The camel can tolerate water loss up to 30% of its body weight as compared to common mammals who can tolerate only 12% water loss. It must be noted that camels do not lose their appetite during dehydration unless extreme dehydration levels have been reached. It has been observed that when dehydrated camels are presented with water, they ingest a larger volume compared to the volume lost. Camels sweat directly from the skin surface as opposed to the hair surface since the former is much more effective and efficient, so uses less energy. The excess water will be excreted 2-4 days later. Furthermore , the camel can drink one third of its body weight in water within 10 minutes without becoming intoxicated. In case of dehydration and high ambient temperatures, camels reduce their fecal, urinary and sweat production. During dehydration periods, the kidneys reduce water loss both by decreasing the glomerular filtration rate and by increasing the tubular reabsorption of water. Lastly, their ability of regulating their body temperatures from 34.5-40.7°C conserves a lot of water when most needed (Kataria et al., 2001 A).

6. Kidney Function and Water Metabolism

The kidneys play a crucial role in the process of water balance inside the body, but they are not the only responsible organ for water excretion. The lungs, the skin and the digestive system also participate in this process. It has been proven that the camel can go for up to three days from water consumed through greenery present, and the amount that can be consumed by a camelid from plants is approximately around 30 liters per day. During the colder months, the camel does not require to, and so does not drink large amounts of water. Water consumption is dependent on the weather temperature during the respective season, the activity of the animal, and the amount of water present in the feed.
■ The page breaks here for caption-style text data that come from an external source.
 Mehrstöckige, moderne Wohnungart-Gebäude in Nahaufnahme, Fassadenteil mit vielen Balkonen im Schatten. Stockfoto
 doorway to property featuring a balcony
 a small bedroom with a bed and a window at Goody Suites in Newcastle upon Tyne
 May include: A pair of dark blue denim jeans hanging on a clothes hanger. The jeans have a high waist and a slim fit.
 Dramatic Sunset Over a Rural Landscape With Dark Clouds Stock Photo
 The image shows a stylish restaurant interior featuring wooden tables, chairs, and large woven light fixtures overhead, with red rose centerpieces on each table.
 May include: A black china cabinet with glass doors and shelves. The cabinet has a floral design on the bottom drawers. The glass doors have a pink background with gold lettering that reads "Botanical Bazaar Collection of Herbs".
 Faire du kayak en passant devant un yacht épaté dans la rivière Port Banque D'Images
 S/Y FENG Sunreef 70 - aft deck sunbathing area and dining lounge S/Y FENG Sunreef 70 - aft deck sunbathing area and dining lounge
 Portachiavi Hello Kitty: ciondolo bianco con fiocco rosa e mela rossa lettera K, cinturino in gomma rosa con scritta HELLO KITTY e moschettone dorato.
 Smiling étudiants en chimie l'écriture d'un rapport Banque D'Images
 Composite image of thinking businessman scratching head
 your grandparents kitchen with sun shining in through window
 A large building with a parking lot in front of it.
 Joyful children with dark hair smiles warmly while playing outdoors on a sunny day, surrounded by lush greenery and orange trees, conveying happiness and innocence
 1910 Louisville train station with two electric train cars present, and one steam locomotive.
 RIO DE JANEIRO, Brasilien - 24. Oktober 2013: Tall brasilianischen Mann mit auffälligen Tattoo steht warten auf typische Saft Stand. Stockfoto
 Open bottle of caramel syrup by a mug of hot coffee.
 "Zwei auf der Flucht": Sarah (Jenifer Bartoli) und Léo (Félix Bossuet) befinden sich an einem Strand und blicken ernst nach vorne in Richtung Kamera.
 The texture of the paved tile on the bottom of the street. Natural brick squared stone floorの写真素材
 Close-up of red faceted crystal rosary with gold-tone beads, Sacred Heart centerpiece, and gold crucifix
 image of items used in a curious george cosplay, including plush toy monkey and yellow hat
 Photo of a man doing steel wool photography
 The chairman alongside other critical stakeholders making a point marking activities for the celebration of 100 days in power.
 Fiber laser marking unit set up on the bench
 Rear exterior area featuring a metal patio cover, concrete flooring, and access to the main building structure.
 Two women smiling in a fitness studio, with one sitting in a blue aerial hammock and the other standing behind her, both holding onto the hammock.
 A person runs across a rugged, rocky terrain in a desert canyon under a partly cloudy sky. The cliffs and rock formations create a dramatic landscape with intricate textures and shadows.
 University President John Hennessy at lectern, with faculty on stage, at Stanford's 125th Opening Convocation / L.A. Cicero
Several studies have deduced that camels can go 30 days and a distance of 6000 kilometers without the present of water (Yagil et al.,1983.)

During the consumption of water, the absorption occurs in the mouth and the glands due to the drinking receptors being present inside the mouth which get activated once water has entered the mouth. Absorption also continues in the stomach and the intestines. The camel does not rely on water production from metabolic process, especially in the cases of extreme thirst, to avoid the additonal heat production that occurs inevitably during these processes (Havez, 1968.)

The function of the kidney is absorbing as much as water so it can be returned into the body. In account to the amount of urine excreted in a thirsty camel is 0.001 of the camel’s weight per day while in thirsty goats it is 0.005 of their body weight per day which 5 times more of their body weight in comparison to the camel. The urine excreted in the camel is highly concentrated which is due to the anatomical feature of the kidneys having a high number of nephrons with longer loops of Henle in comparison to other animals — mammals living in normal conditions (moist environments) have loops of Henle that do not descend too long into the medulla, called cortical nephrons. (Figure 6, a.) Conversely, mammals living in arid conditions (dry environments) such as the camelid, have long loops of Henle that descend deeply into the medulla called juxtamedullary nephrons (Figure 6, b.) The longer length here helps in a higher water absorption into the bloodstream. Studies have shown that the amount of water excreted by the urine decreases from 5 liters to 1.5 liters per day in the state of thirst. In addition to that it has been shown that the glomerular filtration rate decreased in the situation of lack of water by 75%, meaning from 81 mL per kg to 22 mL per kg, and the amount of blood plasma into the kidney by 72%. Not only that, but the camel also possesses the ability to change concentration of its urine, due to the kidneys' response to antidiuretic hormone (Yagil, 1974). Furthermore, the camelid kidney is said to have higher amount of salt in the produced urine than of sea water when the camel’s diet is mainly salty plants. The antidiuretic hormone is produced in the hypothalamus and then released into the bloodstream in response to increased levels of osmolarity.

camelkidneychange.jpg

Figure 6. Diagrams contrasting the length of the Loop of Henle in animals that live in
normal conditions (a - loop reaches cortical nephron) and in arid conditions (b - loop
reaches juxtamedullary nephron) (Own Drawn)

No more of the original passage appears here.